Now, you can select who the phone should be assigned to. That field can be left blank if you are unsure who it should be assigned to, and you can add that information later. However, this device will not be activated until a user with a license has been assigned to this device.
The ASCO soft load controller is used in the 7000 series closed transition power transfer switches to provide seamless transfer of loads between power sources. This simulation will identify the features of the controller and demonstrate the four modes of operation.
■ ■ ■
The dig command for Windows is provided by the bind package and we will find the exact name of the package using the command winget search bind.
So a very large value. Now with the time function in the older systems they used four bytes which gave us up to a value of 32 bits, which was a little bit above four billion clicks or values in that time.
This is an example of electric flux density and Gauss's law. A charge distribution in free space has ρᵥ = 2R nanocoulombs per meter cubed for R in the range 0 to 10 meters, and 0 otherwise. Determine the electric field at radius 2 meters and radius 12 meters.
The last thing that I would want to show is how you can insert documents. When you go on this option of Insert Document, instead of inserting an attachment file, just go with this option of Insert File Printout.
■ ■ ■
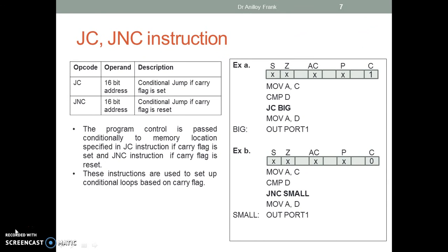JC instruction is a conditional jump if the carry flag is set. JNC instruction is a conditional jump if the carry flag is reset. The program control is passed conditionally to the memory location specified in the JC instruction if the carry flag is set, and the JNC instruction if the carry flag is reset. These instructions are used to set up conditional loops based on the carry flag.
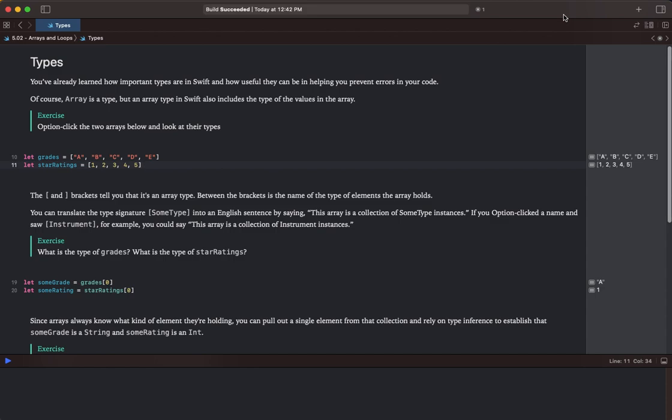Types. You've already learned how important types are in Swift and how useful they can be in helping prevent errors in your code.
■ ■ ■
Each line in the entries above that includes the word "with" counts once; state the total and nothing else.

# SOLVED PROBLEM:
3